Campus News News

Emergency preparedness

By Danny Priest
@dpriest3

On Wednesday afternoon, a smattering of students and faculty made their way over to the Fuller Arts Center at Springfield College for a presentation.

However, the presentation displayed was not the typical performance seen inside of Fuller. Students are accustomed to Vagina Monologues, acapella concerts, and Best of Broadway, among other things being held in the auditorium. 

This time it was Springfield College Public Safety, led by Sergeant Dan Cotter, giving a presentation on emergency preparedness and civilian response to active shooters.

Cotter was joined by Detective Sergeant Joe Tiraboschi and Officer Dylan Sullivan for the presentation.  

While not as glitzy or glamorous as the other events, Public Safety’s presentation was an important one, and one everyone on campus should be aware of. Especially in a day and age where tragedies on school grounds and in public areas are sadly becoming the norm.

Cotter gave two presentations on Wednesday, one from 12-1:30 p.m. and another from 7-8:30 p.m. Both covered the same information and theme of keeping campus safe and prepared.

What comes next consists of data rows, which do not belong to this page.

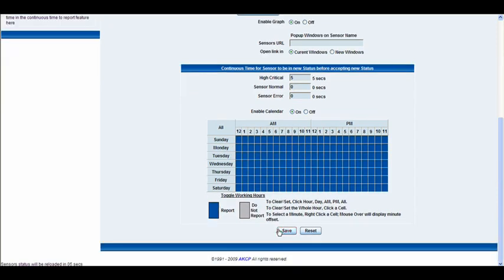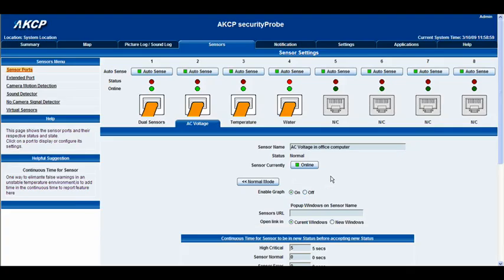And that's pretty much it. Go ahead and click Save, then wait for the page to load. As you can see, all of our settings have been saved — and that's all there is to it. Very simple.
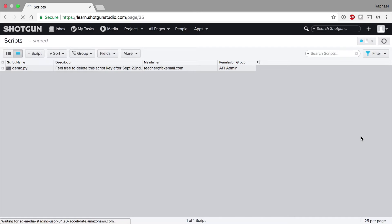In this video, we're going to look at the script entity in Shotgun. I'll demonstrate how a script entity's application key can be used to authenticate a Shotgun Python API session as an alternative to user-based credentials, which can be too restrictive when used with automation.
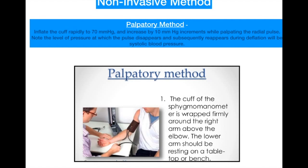The next method is the non-invasive method, which has three types of measurement: the palpatory method, the auscultatory method, and the oscillometric method.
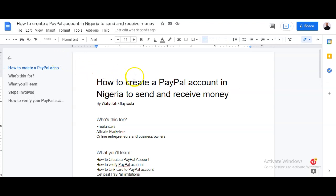Welcome to this tutorial. My name is Wadi Lina and I am very happy to be making this tutorial to help you create a functional PayPal account that you can use to withdraw money and also spend money from anywhere you want.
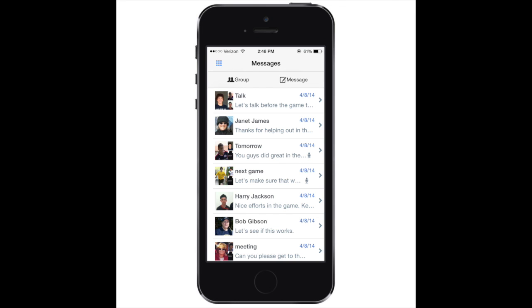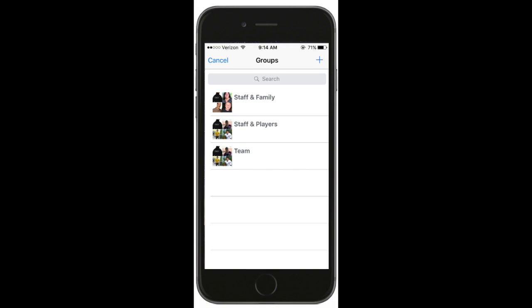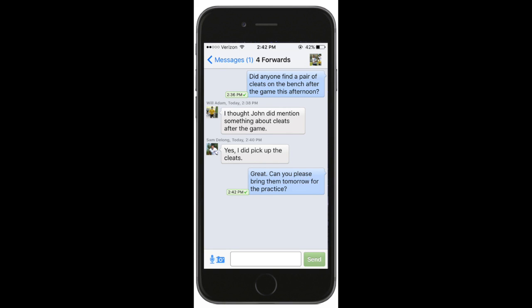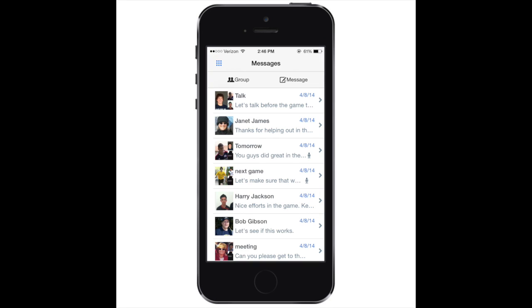To create a new chat, tap on Message in the upper right. Use the plus symbol to select a group of people, then specify a subject or group name. Just type in a message and hit Send to begin chatting with your team. To view an existing chat room, just select the Message thread from the Messages section.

Cotter kicked things off by asking the crowd whether or not they felt like Springfield College would be prepared in the instance of an active shooter. His question was met with sparse raising of hands.

“The bottom line is the fact that we’re even having this dialogue right now shows that we’re actually ahead of where a lot of other institutions are. It’s the fact that you folks have realized that it’s time to have this conversation,” Cotter told the crowd.

“For a lot of years, especially in higher education facilities, people didn’t want to have these conversations. They’re uncomfortable to have, but it’s an unfortunate reality at this point,” he added. 

The presentation started by stressing to the crowd that the information covered pertained to more than just shooters. It focused on natural, technological, and man-made disasters as well.

Cotter was also sure to point out that the topic was not restricted to active shooters, but includes any act of violence by a person with the intent to kill.

On one of the slides, Public Safety defined what exactly an active killer is: “An individual actively engaged in killing or attempting to kill people in a confined and populated area.” 

After cutting through the nitty gritty information, Cotter moved on to actual details on what to do. His key point was always staying aware of surroundings and being able to give accurate information back to police.

A few things Cotter mentioned that witnesses should be able to recite to police were: the location of the active shooter, the number of shooters (if more than one), a physical description of shooters, the number and type of weapons held by the shooters, and the number of potential victims at the location.

Cotter then proceeded to show a video from the Department of Homeland Security detailing the “RUN. HIDE. FIGHT” method of response and survival.

Each step displayed in the video was self-explanatory (running if the option is there, hiding in a secure location, fighting if needed).

What Cotter explained after was a bit more important. He told the crowd about the three types of disaster personalities: denial, deliberation, and the decisive moment where an individual decides whether to run, act, or hide.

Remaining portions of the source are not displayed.